WORK TASK:
Make an exact transcript of the lines in the data below, starting with the one containing "2025 Topps Chrome Shedeur Sanders Green /99" and going on through the one containing "Dricus Du Plessis", with both included and the pictures left out.

____ DATASET RECORDS

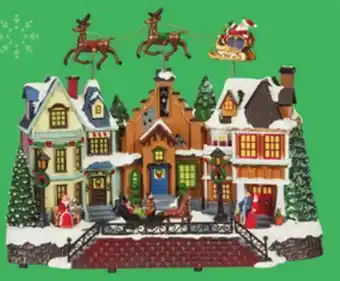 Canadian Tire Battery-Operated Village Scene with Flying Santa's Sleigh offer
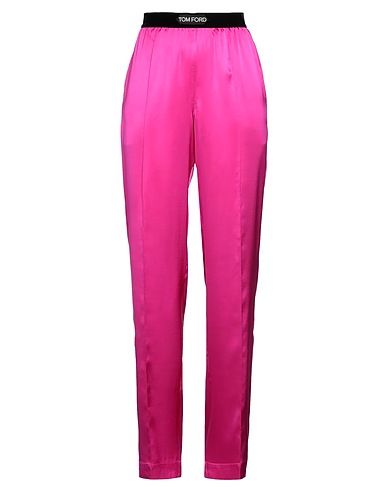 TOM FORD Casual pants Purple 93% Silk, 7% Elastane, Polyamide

________
____ DATASET RECORDS

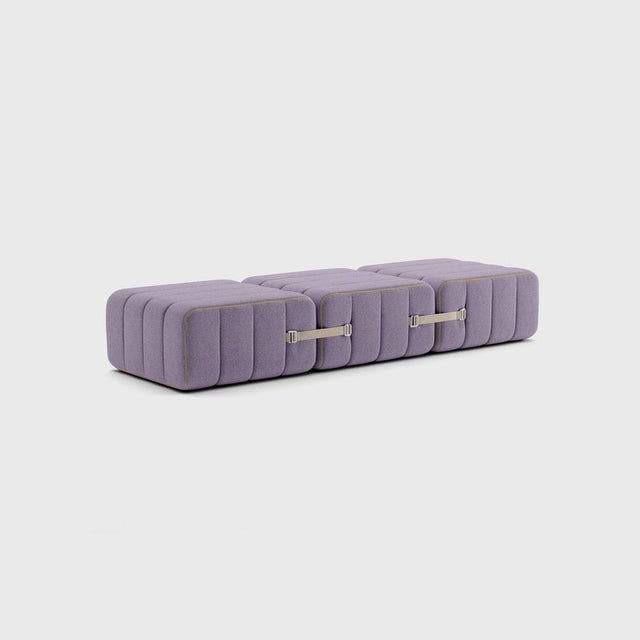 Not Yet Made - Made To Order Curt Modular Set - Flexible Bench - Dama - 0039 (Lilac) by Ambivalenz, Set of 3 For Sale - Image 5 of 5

________
____ DATASET RECORDS

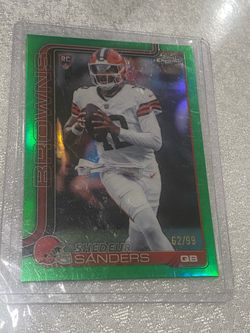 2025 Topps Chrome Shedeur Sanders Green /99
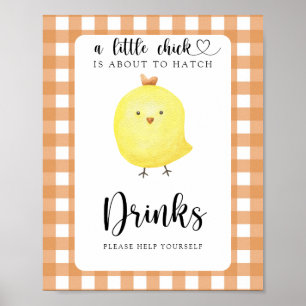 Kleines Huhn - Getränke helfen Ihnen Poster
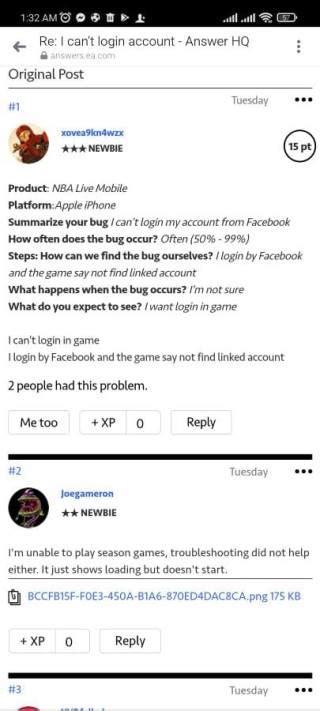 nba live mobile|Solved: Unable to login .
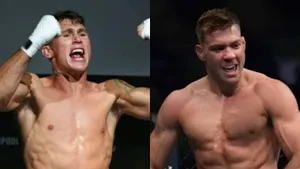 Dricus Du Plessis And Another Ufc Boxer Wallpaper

________

PROBLEM SOLUTION:
 2025 Topps Chrome Shedeur Sanders Green /99
 Kleines Huhn - Getränke helfen Ihnen Poster
 nba live mobile|Solved: Unable to login .
 Dricus Du Plessis And Another Ufc Boxer Wallpaper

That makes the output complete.